TURIN, Italy — Pope Francis, during his two-day trip to Turin, visited his relatives and his ancestors’ parish. His father, an Italian emigrant to Argentina, was baptized in Turin.
On June 21, the Pope made a short visit to St. Teresa, where his grandparents were married in 1907 and his father was baptized. He kissed the baptistery, recalling his grandparents and praying for families and the upcoming synod on the family, leaving behind a sheet of paper with brief reflections on the importance of the family.
The following day, he met with six of his cousins and their families, some 30 persons in all. He said Mass for them in a chapel at the residence of the Turin archbishop, after which they had lunch together.

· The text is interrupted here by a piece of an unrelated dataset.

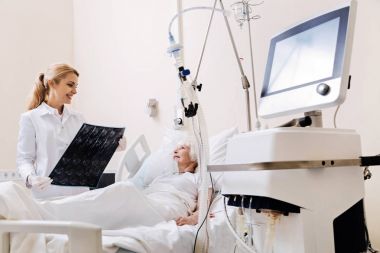 Zeki doktor ve hastasını tedavi ayrıntıları tartışıyor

Pope Francis’ grandfather hailed from Portocomaro, a small town less than 45 miles southeast of Turin. The family settled in Portocomaro in the first half of the 18th century, when one of their ancestors bought the only house in the town.
In 1906, Giovanni Angelo Bergoglio, Pope Francis’ grandfather, moved to Turin looking for better opportunities, where he met Rosa Margherita Vassallo. The two were married Aug. 20, 1907, and the following year they baptized their first son, Mario. In 1929, they moved to Argentina.

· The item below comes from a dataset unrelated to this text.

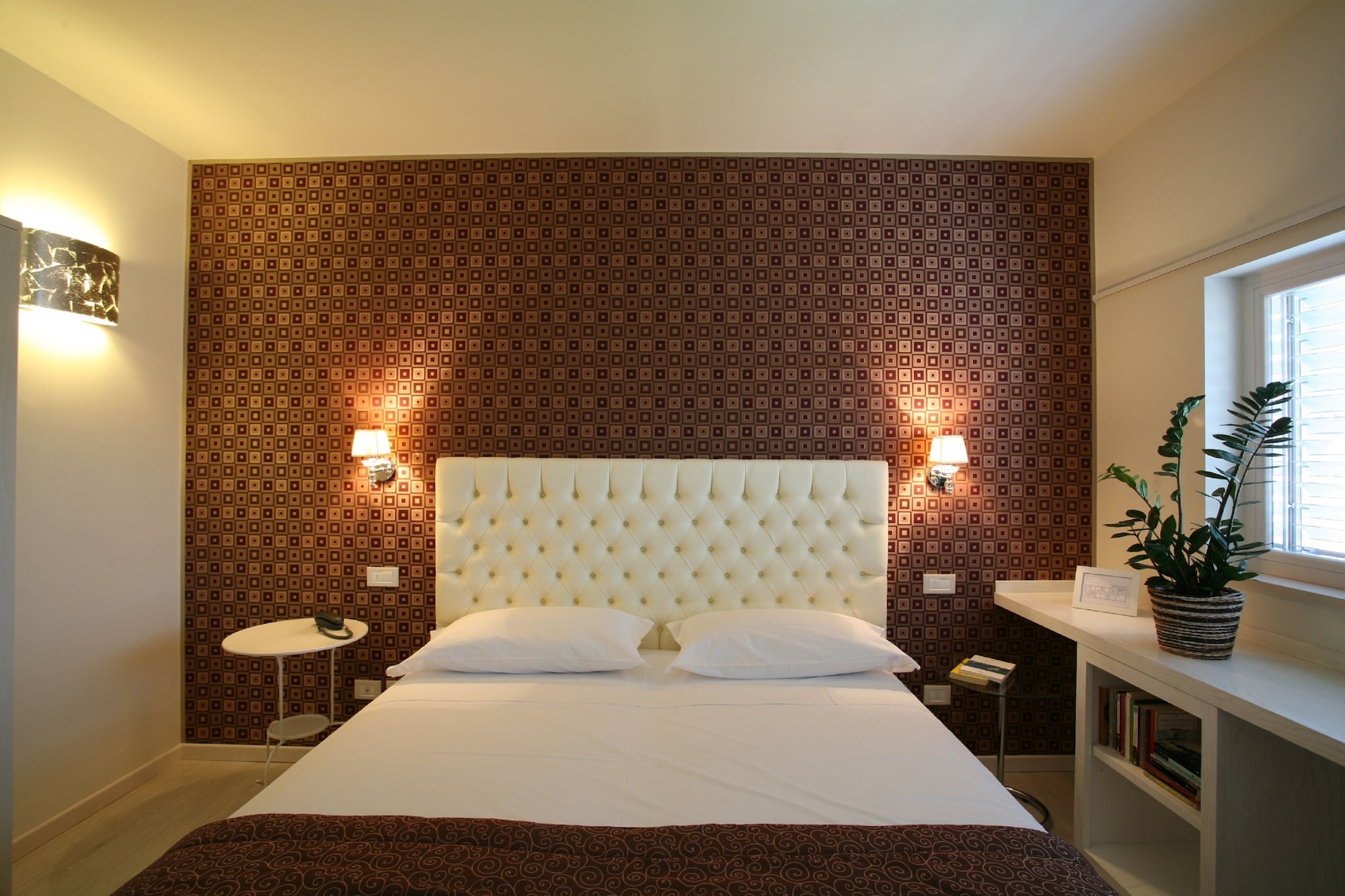 2 BEDROOMS, ECONOMY, DOUBLE OR TWIN BED, CITY VIEW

The Bergoglios first settled in Parana and then moved to Buenos Aires. There, at a Salesian oratory, Mario met Maria Regina Sivori, and they were married in 1935. Jorge, their first son, was born the next year.
Pope Francis was profoundly influenced by his grandmother Rosa. During his June 21 Mass, he quoted from the Piedmontese poem Rassa Nostrana by Nino Costa, which Rosa had taught him in the local dialect.
He has also mentioned his grandmother in his homily for Palm Sunday in 2013 and in homilies at his daily Masses.
Rosa was a very religious woman, nurtured in the stimulating cultural environment of Turin. Her religiosity was filled with the example of the saints of social action, as many Catholic associations for women were flourishing in Turin while she lived there.
In her spiritual testament, Rosa wrote: “May my grandsons, whom I gave the best of my heart, have a long and happy life. If one day pain, sickness or loss of a dear one will fill them with affliction, may they always remember that a breath in front of the tabernacle, where the greatest and important Martyr is secured, and a glance to Mary at the foot of the cross, can leave a drop of balsam on the deepest and most painful wounds.”